- _TASK GOAL_:
The answer must be an exact copy of the lines from the one with "Seagull Seabird Gift" through the final line below, with no pictures and nothing else.

- _GIVEN DATA_:

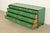 Michael Taylor for Baker Furniture Mid-Century Hollywood Regency Green Lacquered Campaign Dresser, Newly Refinished For Sale In South Bend - Image 6 of 15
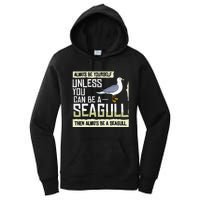 Seagull Seabird Gift Sea Gull Bird Women's Pullover Hoodie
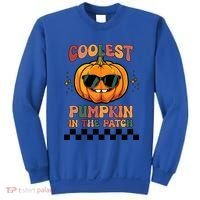 Coolest Pumpkin In The Patch Halloween Meaningful Gift Sweatshirt thumb 0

- _ANSWER TO THIS EXERCISE_:
 Seagull Seabird Gift Sea Gull Bird Women's Pullover Hoodie
 Coolest Pumpkin In The Patch Halloween Meaningful Gift Sweatshirt thumb 0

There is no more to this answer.